Les objec­tifs de la chaire ? « Il s’agira avec cette chaire, mise en place pour une durée de 5 ans, de répon­dre à un défi majeur : celui de ren­forcer l’attractivité des for­ma­tions supérieures notam­ment dans les métiers de l’eau, de l’assainissement et des déchets et de répon­dre ain­si à la crise des voca­tions con­statée dans ces métiers. En ce qui nous con­cerne, il nous faudrait struc­tur­er une offre de for­ma­tion envers, entre autres, les ingénieurs qui soit nour­rie et enrichie par les réal­ités indus­trielles du ter­rain et les derniers résul­tats de recherche et d’innovation en lien avec la prob­lé­ma­tique du traite­ment et de la val­ori­sa­tion des eaux usées. L’idée est de dynamiser les for­ma­tions liées à ces domaines indus­triels afin qu’ils puis­sent attir­er des jeunes tal­ents. D’autant que les jeunes, aujourd’hui, se sen­tent de plus en plus con­cernés par les ques­tions envi­ron­nemen­tales, dont la ressource en eau et la val­ori­sa­tion des déchets », assure Thier­ry Ribeiro.

« En effet, il s’agit de con­necter l’enseignement supérieur et l’innovation indus­trielle en inté­grant les prob­lé­ma­tiques indus­trielles dans les enseigne­ments afin de répon­dre aux enjeux indus­triels présents et futurs. Le sec­ond con­cerne la recherche. Le but étant d’articuler enseigne­ment, recherche académique et besoins d’in­no­va­tion de l’in­dus­triel pub­lic. En effet, avec les appels à man­i­fes­ta­tion d’intérêt, il s’agit de con­tribuer à faire émerg­er des pro­jets – com­bi­nant intérêts sci­en­tifiques et opéra­tionnels – qui irrigueront ensuite les pro­grammes de recherche du SIAAP tels Mocopée ou MeSeine », abonde Ade­line Lécot.

Com­ment fonc­tion­nera la chaire ? « La chaire IAIE, c’est l’opportunité de décou­vrir con­crète­ment le monde indus­triel de l’assainissement et des déchets par des vis­ites de sta­tions d’épuration et de val­ori­sa­tion des eaux usées, et par des journées portes ouvertes sur les inno­va­tions indus­trielles du secteur ain­si que par des web­con­férences thé­ma­tiques et des con­férences avec les spé­cial­istes du domaine. Les parte­naires de la chaire béné­ficieront d’ailleurs d’un accès priv­ilégié aux con­tenus péd­a­gogiques et opéra­tionnels pro­duits par la démarche innEAU­va­tion et son site web dédié. Enfin, la for­ma­tion par la recherche sera mise à l’honneur lors des Hack­EAU­tons où des groupes “pro­jets” asso­ciant des étu­di­ants des dif­férentes for­ma­tions parte­naires plancheront sur des thèmes de l’ingénierie de l’assainissement et de l’innovation envi­ron­nemen­tale. À la clef pour les étu­di­ants : une décou­verte appro­fondie du secteur, une super expéri­ence col­lec­tive à inscrire sur le CV et un prix pour les trois meilleurs », souligne Ade­line Lécot.

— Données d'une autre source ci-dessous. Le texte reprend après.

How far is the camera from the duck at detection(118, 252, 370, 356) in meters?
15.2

Le rôle de chaque parte­naire ? « Sor­bonne Uni­ver­sité et l’UTC sont mobil­isées sur les aspects for­ma­tion et recherche. Le SIAAP exprime ses besoins que l’on décline en pro­grammes de recherche et développe­ment ou d’innovation qui débouchent sur des solu­tions venant in fine irriguer nos enseigne­ments. Au SIAAP incombent les aspects d’opérationnalité, de trans­féra­bil­ité et de déploiement indus­triel des résul­tats de recherche. Le SIAAP finance égale­ment des stages d’étudiant(e)s et des thès­es dont cer­taines en coen­cadrement », con­clut Thier­ry Ribeiro.

Chaque année, ce sont plusieurs cen­taines d’étudiants de l’UTC, de Sor­bonne Uni­ver­sité et d’un réseau élar­gi de for­ma­tions (BTS, licences, mas­ters) qui béné­ficieront de cette nou­velle chaire.